I'm thinking maybe my stubbornness is good or bad depending on who I'm talking to...
posted by Elfasi at 1:34 AM on February 27, 2013


A random stranger calls you an ass for wanting gay marriage? What, so they yell this at you on the street? Why would a random stranger ever get far enough in this interaction to call you stubborn?
posted by tel3path at 2:01 AM on February 27, 2013 [1 favorite]


It was just a random example, but such people are frequently stumbled across on the Internet, in chat rooms, forums etc, rather than street corners. It's good to know how much of this to dismiss.
posted by Elfasi at 2:46 AM on February 27, 2013


You mean someone is wrong on the internet? I usually look away for a moment, grumble to myself, maybe curse a little if they're really extremely wrong. Then I turn back and close the window and go about my day.
posted by anaelith at 2:57 AM on February 27, 2013 [2 favorites]

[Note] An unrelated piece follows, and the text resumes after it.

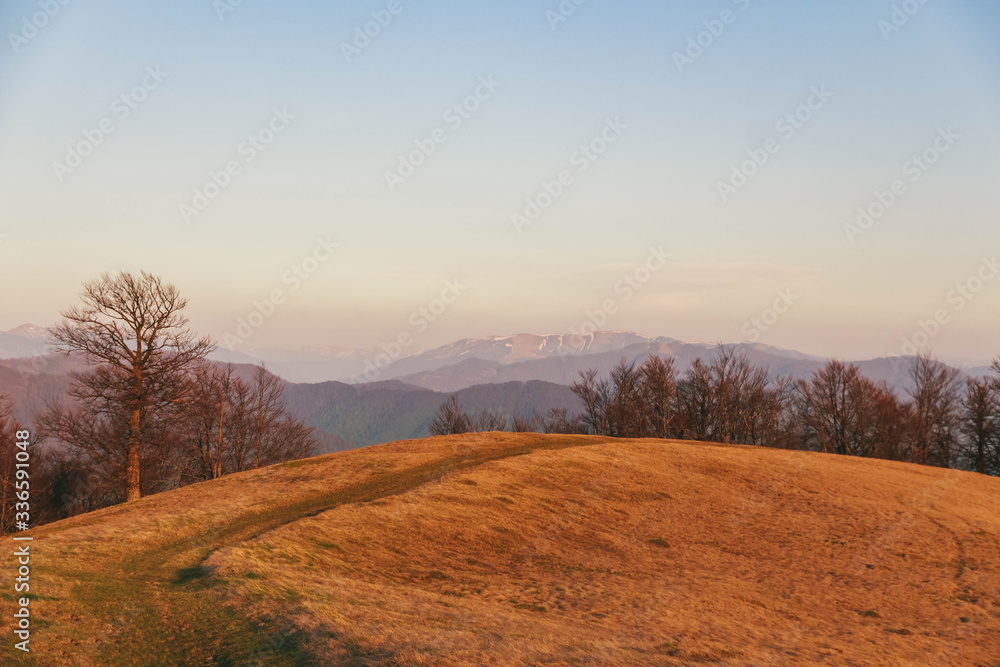 Beautiful Carpathians, mountains in clouds, waterfall, close-up, the sunsets beautifully over the mountains Beautiful Carpathians, mountains in clouds, waterfall, close-up, the sunsets beautifully over the mountains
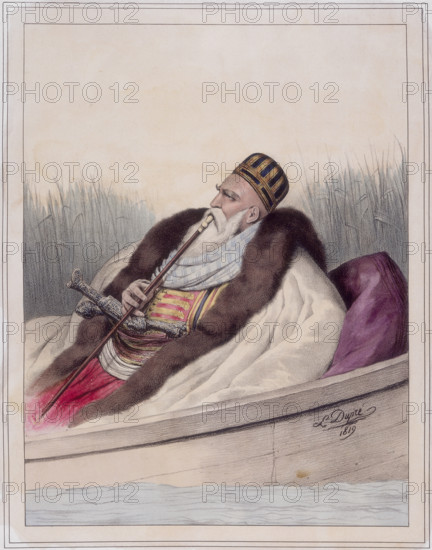 Ali Tebelen, Pacha de Janina, 1819. Ali Pasha (1741-1822) reclining in a boat smoking a pipe, and wearing a coat trimmed with fur. In 1787 he became the Turkish pasha (military governor) of Yannina, which is now Ioánnina in Greece, but was a province of the Ottoman Empire. He was called the lion of Yannina because of his harsh rule. From "Voyage à Athènes et à constantinople; ou collection de portraits, vues et costumes Grecs et Ottomans".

I think you may have a blind spot around your own stubbornness that people are pointing out. You should ask the people who said this to you what specific examples they were thinking about, and listen to what they say VERY carefully.

You are likely not stubborn in every situation, but stubborn in a few situations that are prompting this response.
posted by carolinaherrera at 4:48 AM on February 27, 2013 [1 favorite]

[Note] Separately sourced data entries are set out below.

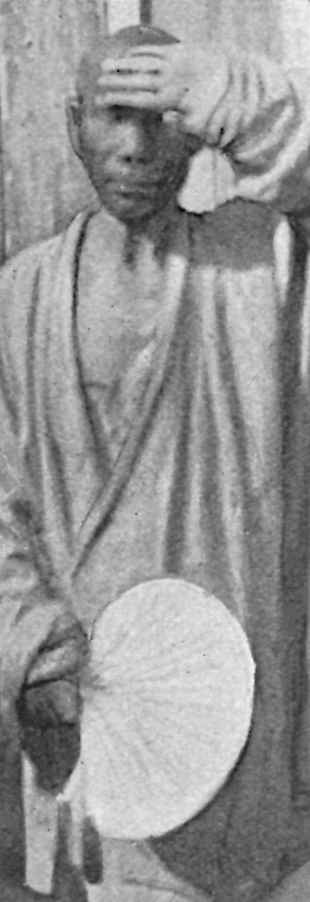 Monk covering forehead with left hand, holding a fan with his right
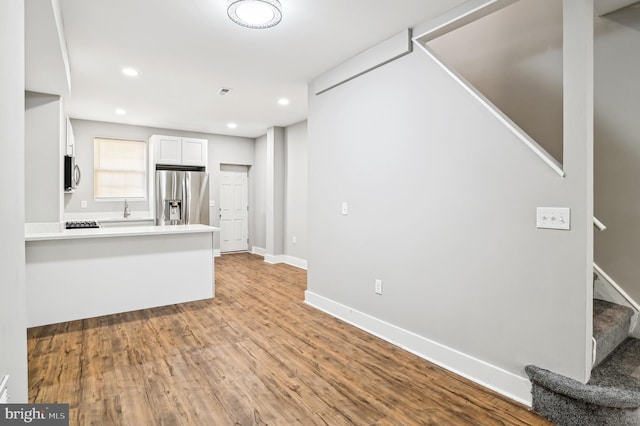 kitchen featuring white cabinets, kitchen peninsula, stainless steel refrigerator with ice dispenser, and light hardwood / wood-style flooring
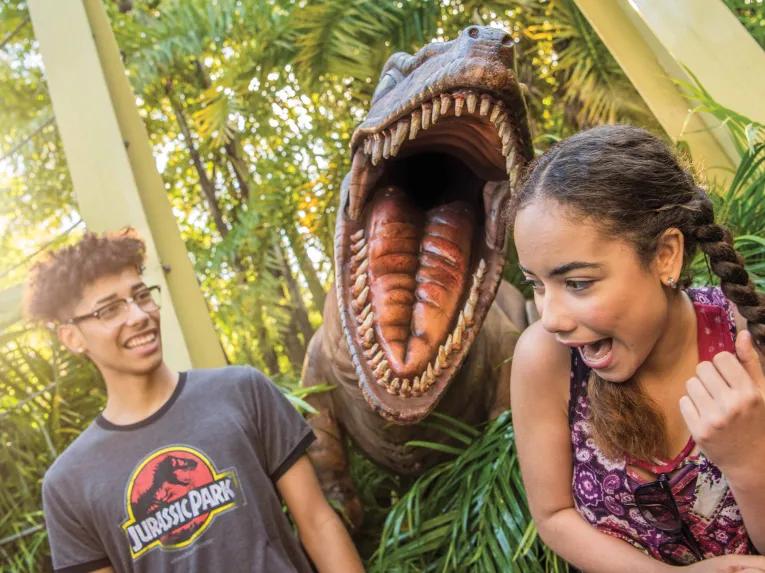 Teens with dinosaur at Universal's Islands of Adventure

I came across a quote in the 80/20 Principle, there attributed to George Bernard Shaw, but I think you may like to consider it at those points where you feel the need to push on a certain point:
"The reasonable man adapts himself to the world. The unreasonable one persists in trying to adapt the world to himself. Therefore all progress depends on the unreasonable man."
posted by whatzit at 10:10 AM on February 27, 2013


I put a lot of thought and agonising into that decision, wasn't just made on a whim, and I'm not about to just change it because you're telling me I'm a stubborn fool. And the harder you push, the harder I dig in. You can change my mind, but pushing me into the corner is not the way.

You want to know something? That decision you spent all that time "agonizing" over that you are determined never to give up probably isn't that important or that big of a deal. There are a few things it is worth being like this for, but for most things, it isn't.

It's likely you get called out for being "stubborn" because you lack a proper sense of proportion and priorities.
posted by deanc at 11:43 AM on February 27, 2013


I'm not about to just change it because you're telling me I'm a stubborn fool.

Y'know, we can still go ahead with our lives even without everybody agreeing on everything. I've worked on using the attitude that says "okay, you've come to that conclusion, but I've come to this one." Sometimes I'll be up for discussing the differences, sometime I'm not.

There's something in your need to constantly defend your decisions against all contradiction that I recognize in myself. For me it seems connected to an experience of not having my wishes, preferences, and feelings respected. I'm fixing that in myself by assertive acceptance: I accept who I am and can calmly and say what I believe. Others can disagree with me, and that's all right, and we can go on with our lives without figuring out who's correct. (I can also accept others as they are, imperfections included.)

Can you imagine yourself, when these conflicts arise, saying "We're not going to discuss this now.", saying it either out loud, or just to yourself? It is an option.